Her response, to date, has been two films.
Her first, Black Hair, explored the complex relationship between black women and their hair. Her latest film, The Colour of our Skin, which was co-produced with Olivia Baychu, takes on the beauty industry and it’s failures in addressing diversity among skin tones and the effect it has on black women.
“I believed there was something wrong with my skin,” Naveen Dominique is heard saying in an excerpt from the film’s trailer. “Maybe I’m not taking adequate showers or something like that, otherwise why would they be saying these things about me?”
“It plays with your self-esteem, it messes you up. So finding yourself within the makeup industry is what the film is about,” Abubaker explained.

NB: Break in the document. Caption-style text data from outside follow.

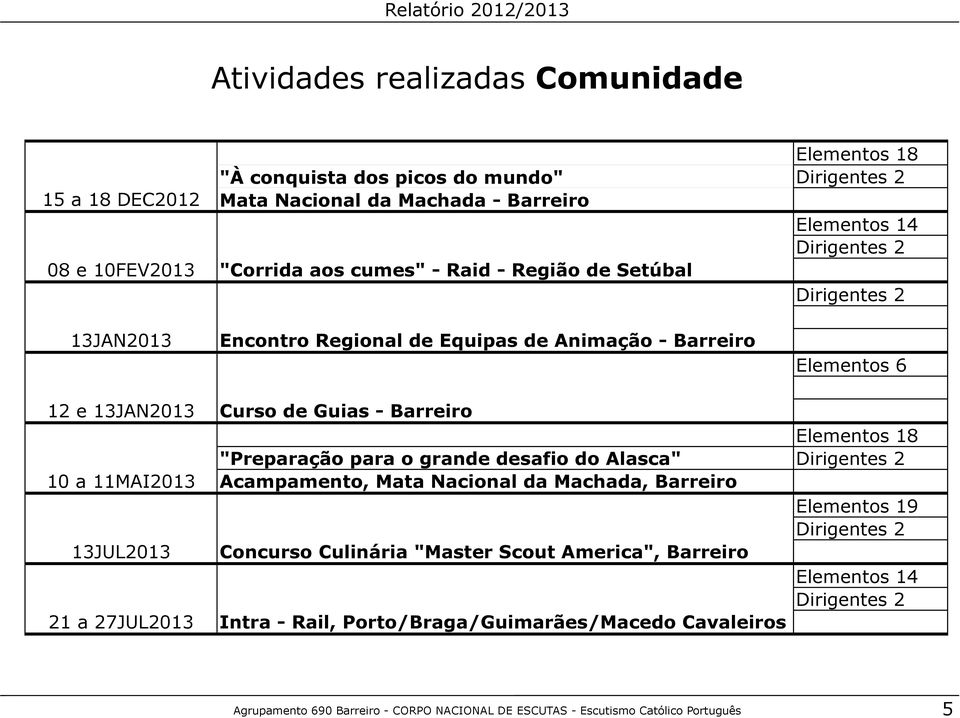 18 "Preparação para o grande desafio do Alasca" Dirigentes 2 10 a 11MAI2013 Acampamento, Mata Nacional da Machada, Barreiro Elementos 19 Dirigentes 2 13JUL2013 Concurso Culinária "Master Scout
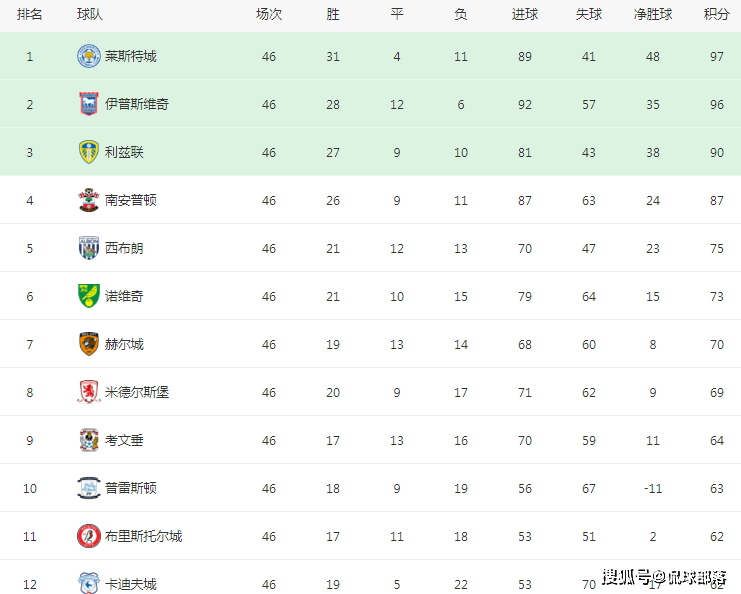 英超:4-0大胜！105年老店晋级决赛英超，再赢1场=重返英超，保底1亿镑收入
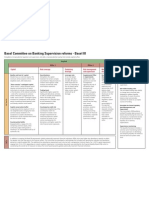 Basel Committee On Banking Supervision Reforms - Basel III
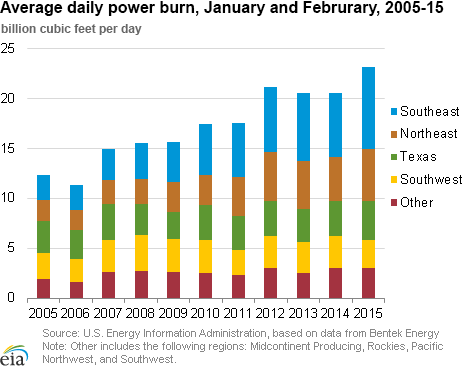 Average daily power burn, January and Februrary, 2005-15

“You hear about these women’s experiences and how they’ve come to cope with it and what they’re doing to be a part of the solution.”
Some of the women in the film are local makeup artists who have created their own lines of products for women with darker complexions.
Abubaker’s latest project will be screened this month at the 2nd annual MRU Black History Month Film Festival. She’s hoping it will help bring awareness to what she calls “an ongoing issue.”
“If we never talk about it, no one’s ever going to know that it’s an issue, especially if you’re not affected by it.”
Festival attendees will have the opportunity to talk about the issue and ask Abubaker questions about the film in a talkback session after the screening.
“When you’re excluded from the whole conversation it gets deeper than that, right?” she said.
“Everyone should be a part of the conversation so we can understand that it’s not just makeup, it’s not just vanity — it’s more than that.”
The MRU Black History Month Film Festival showcases artists and filmmakers in the African diaspora and features a diverse line-up of short films including documentaries, dramas and sci-fi thrillers.
The festival takes place on select nights throughout February. The schedule can be found online.